MAPPINGS TO OMOP TABLES

Deployment Instructions

Run the notebook inside "OMOP-ETL-main\ETL_idea4rc_to_omop\IDEA4RC-data" to generate the CSV files.
Execute the mapping notebooks.
Connect to the database and query the tables in the omopcdm schema.

This repository has been run with Jupyter on Anaconda. Download Anaconda and start Anaconda Navigator to interact with Jupyter.

The task is to map the IDEA4RC database to OMOP CDM. Since we do not have access to the deployed IDEA4RC database and its data, we followed these steps:

The DataGenerationIDEA4RC file generates CSV files for each IDEA4RC table. These examples are created using the IDEA4RC Excel (see Google Docs link below) and are saved in the folder "ETL_idea4rc_to_omop/IDEA4RC-data/".
Within the folder "ETL_idea4rc_to_omop", we have notebooks corresponding to the mapping of each table to OMOP. In these notebooks, the CSV files are read, the necessary data cleaning and transformation are performed, and new data that wasn’t present in IDEA4RC but is required for OMOP is created.

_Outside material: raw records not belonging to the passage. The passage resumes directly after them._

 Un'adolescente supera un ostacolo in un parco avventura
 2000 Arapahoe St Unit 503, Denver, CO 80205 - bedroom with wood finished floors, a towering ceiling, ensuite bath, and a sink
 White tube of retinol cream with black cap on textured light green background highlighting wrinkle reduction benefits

As of today, 06/05/2024, mappings exist only for the mandatory NOT NULL values to be inserted into certain OMOP tables. The rest still needs to be done. Consider implementing a for loop in each IDEA4RC table notebook to read all the CSVs and perform this transformation. Think about an automatic deployment with Docker.

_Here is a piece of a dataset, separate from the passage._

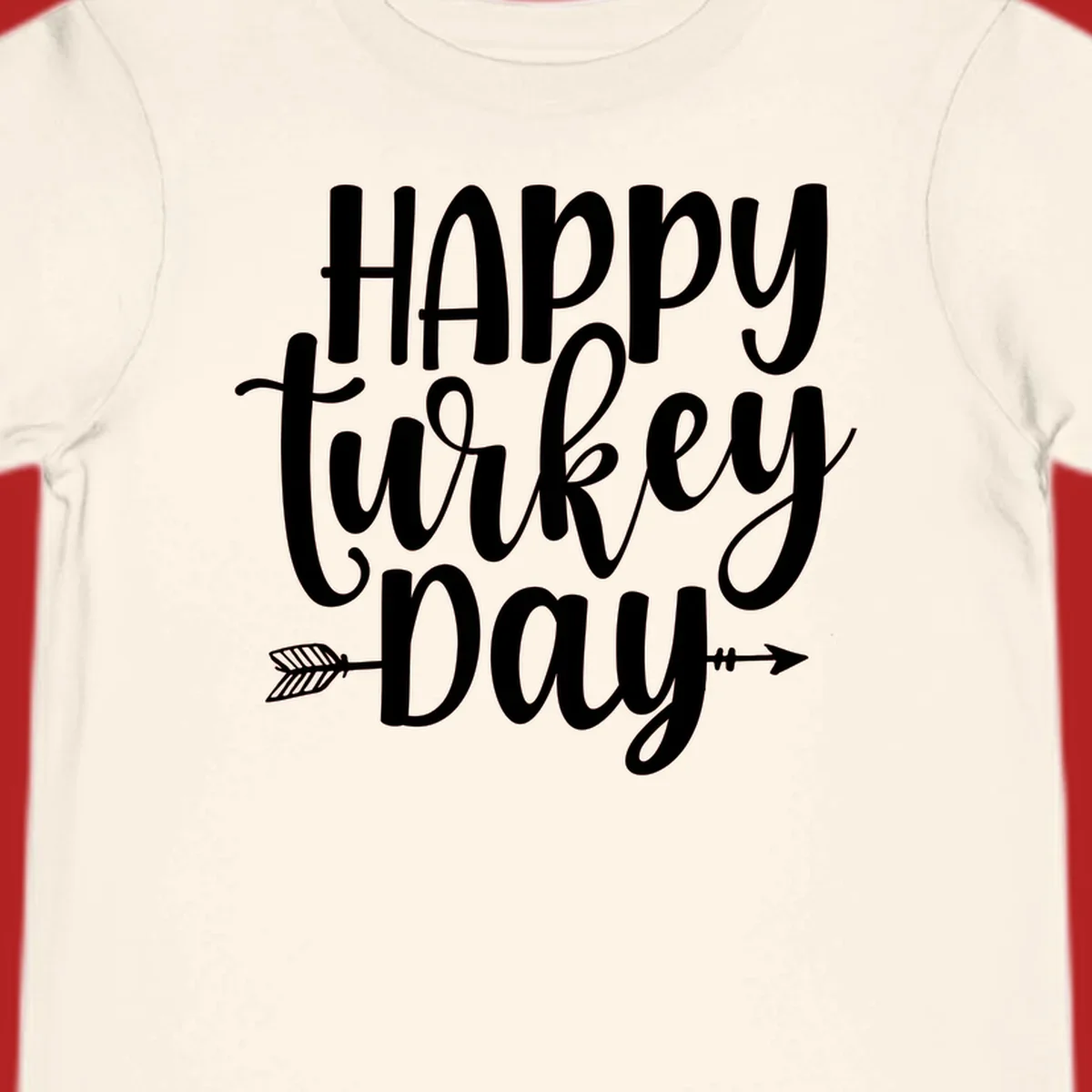 Happy Turkey Day text with arrow graphics, suitable for Thanksgiving.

In future mappings, an error must be noted and investigated. While all mappings are working fine and data is inserted correctly into OMOP, the data is deleted from OMOP after 15-20 seconds. I’ve tried not closing the connection after inserting the data, but this hasn’t resolved the issue. It’s necessary to determine whether the error comes from the deployed OMOP repository for IDEA4RC. Otherwise, we must look for potential errors in the mapping code of the notebooks.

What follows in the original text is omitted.